On ne refait pas sa vie, on la défait. Dans Tressaillir, Maria Pourchet pose la rupture amoureuse comme déliquescence totale. Après la passion adultérine (Feu, Fayard, 2021) et les complexités du désir et de la rencontre (Western, Stock, 2023), la romancière sonde le gouffre qui s’ouvre quand le lien n’est plus. Celle qui sombre à pic, c’est Michelle Darras, autrice de livres pour enfants, qui vient de quitter brutalement Sirius, le père de sa fille. Mais le soulagement attendu ne dure que le temps de boucler sa valise. Aussitôt exilée dans un hôtel parisien de son quartier, elle bascule dans la « viscérale terreur d’être seule » et la dépression : « Partir c’est pour la galerie. En vérité, on s’arrache (…). Et la différence entre partir et s’arracher, c’est que l’un des verbes est une boucherie. »
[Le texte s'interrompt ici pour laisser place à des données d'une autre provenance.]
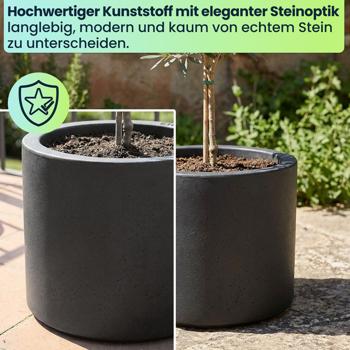 Preview: 2er-Set Moderner Blumentopf Rund Ø47cm in Anthrazit, Pflanzkübel 40L aus Kunststoff für Innen & Aussen, Frostsicher & UV-Beständig, Leichtgewicht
Si le couple est le lieu du malentendu et des attentes insatisfaites, la rupture l’est parfois tout autant. On pense prendre un nouveau départ, vivre sa meilleure vie, avoir du temps pour soi grâce à la garde alternée, respirer, être libre. Maria Pourchet torpille, et c’est jouissif, ce discours convenu, mais aussi le « mythe de l’échec enrichissant » ou l’injonction à l’indépendance absolue, érigée en totem de l’émancipation féminine. « La liberté qui me gagne est un supplice », songe Michelle, qui perd beaucoup – son appartement, son argent, sa santé – et qui, loin de progresser, régresse. En partant, elle redevient la petite fille pétrifiée par la peur qu’elle était durant son enfance et son adolescence dans les Vosges. La voilà, telle qu’elle se décrit elle-même, « biche » fragile, menacée et perdue dans les obscures « forêts » de sa région d’origine. Cette métaphore par laquelle elle symbolise régulièrement ses angoisses archaïques confère alors au texte l’atmosphère d’un conte de Grimm.